Encountering RAS Uncorrectable Error in IOB and ACI

Hi…I’ve been getting this error on secure boot for the Orin NX Jetson board. The error was somewhat intentional since I actually packaged a corrupted image with a valid signature for the corrupted image with as an experiment to see what would happen during the secure boot. I was hoping that the boot WDT would save the day and switch to the other chain after 3 attempts to boot. That didn’t happen and I’m not sure it could have happened since the error message said the core was powered down. Here is the error message:

ERROR: Exception reason=1 syndrome=0x82000010

ERROR: **************************************

ERROR: RAS Uncorrectable Error in IOB, base=0xe010000:

ERROR: Status = 0xe4000612

ERROR: SERR = Error response from slave: 0x12

ERROR: IERR = CBB Interface Error: 0x6

ERROR: MISC0 = 0xc4524040

ERROR: MISC1 = 0x2f4c870000000000

ERROR: MISC2 = 0x0

ERROR: MISC3 = 0x0

ERROR: ADDR = 0x8000000000000200

ERROR: **************************************

ERROR: sdei_dispatch_event returned -1

ERROR: **************************************

ERROR: RAS Uncorrectable Error in ACI, base=0xe01a000:

ERROR: Status = 0xe8000904

ERROR: SERR = Assertion failure: 0x4

ERROR: IERR = FillWrite Error: 0x9

ERROR: Overflow (there may be more errors) - Uncorrectable

ERROR: ADDR = 0x8000000000000200

ERROR: **************************************

ERROR: sdei_dispatch_event returned -1

ERROR: Powering off core

Any ideas as to how an error of this type can be recovered from?

Thx!

Alin

*** Please note that this reply is generated by LLM automatically ***

The error message you’re seeing indicates that the Jetson Orin NX board has encountered an uncorrectable error during the secure boot process. This error is likely due to the corrupted image you intentionally packaged with a valid signature.

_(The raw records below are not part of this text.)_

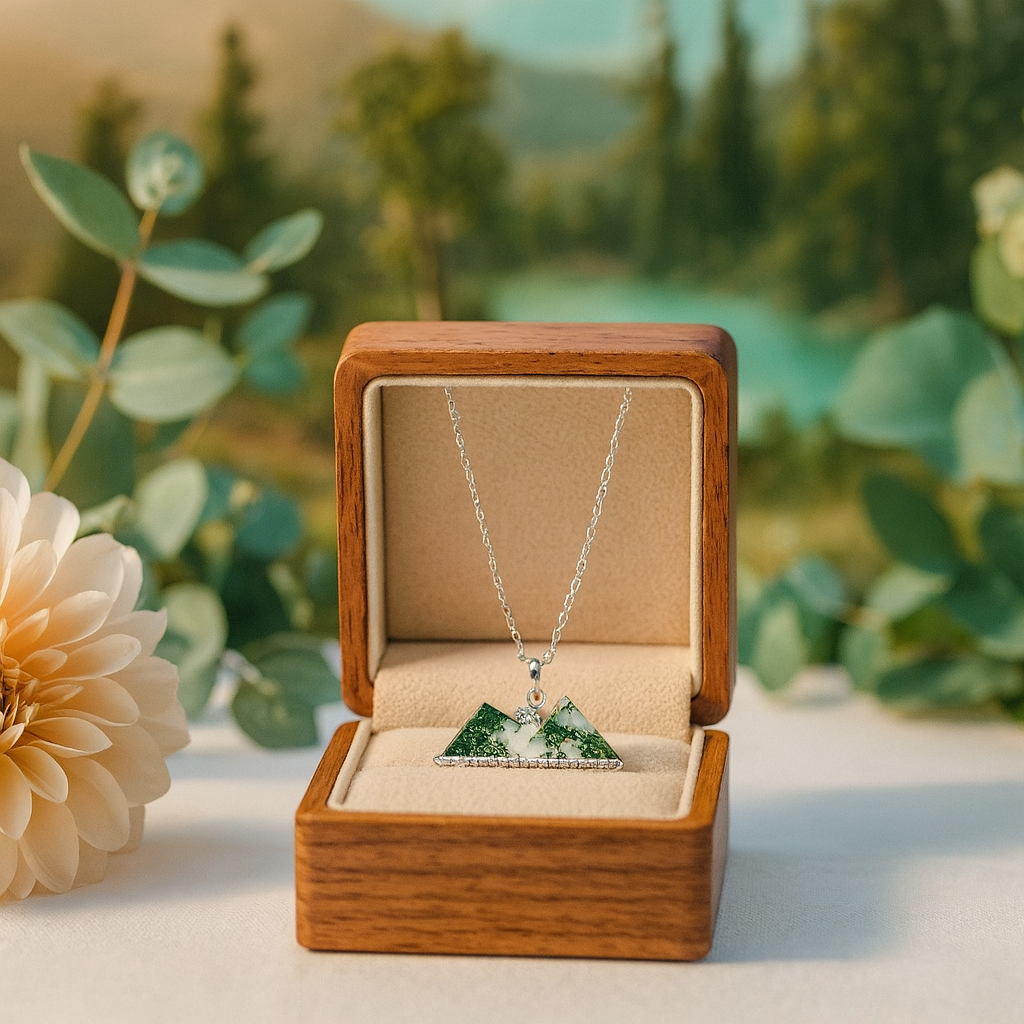 Necklace with a mountain pendant in an open wooden box against a natural background
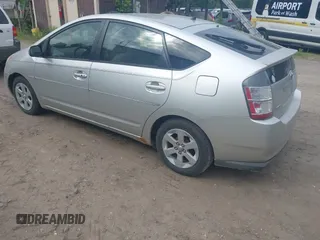 2005 Toyota Prius z VIN JTDKB20U257051452, wystawiony jako IAAI lot #42451660 z przebiegiem 166 106 mil mil oraz . Historia ofert i sprzedaży dostępna na DreamBid. Obrazek 3.
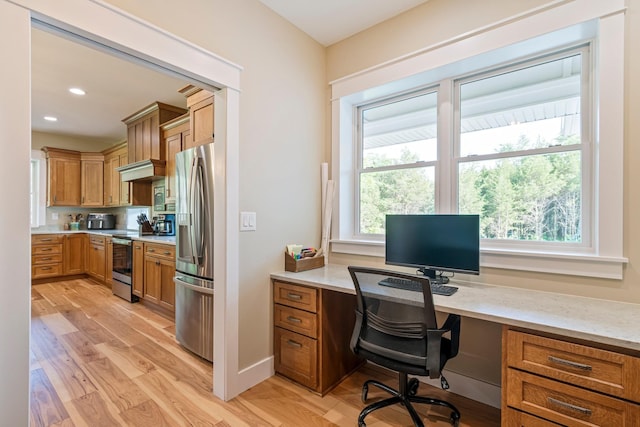 2825 Oregon Rd, Milton, TN 37118 - office area with built in desk, light wood-style flooring, and recessed lighting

The error message suggests that the error occurred in the IOB (Input/Output Block) and ACI (Accelerated Chip Interface) components of the SoC. The specific error codes and addresses provided in the error message can help identify the root cause of the issue.

In this case, the error is not recoverable, and the core is powered down to prevent further damage. The Boot Watchdog Timer (BWT) is not triggered in this scenario because the error occurs before the boot process can even start.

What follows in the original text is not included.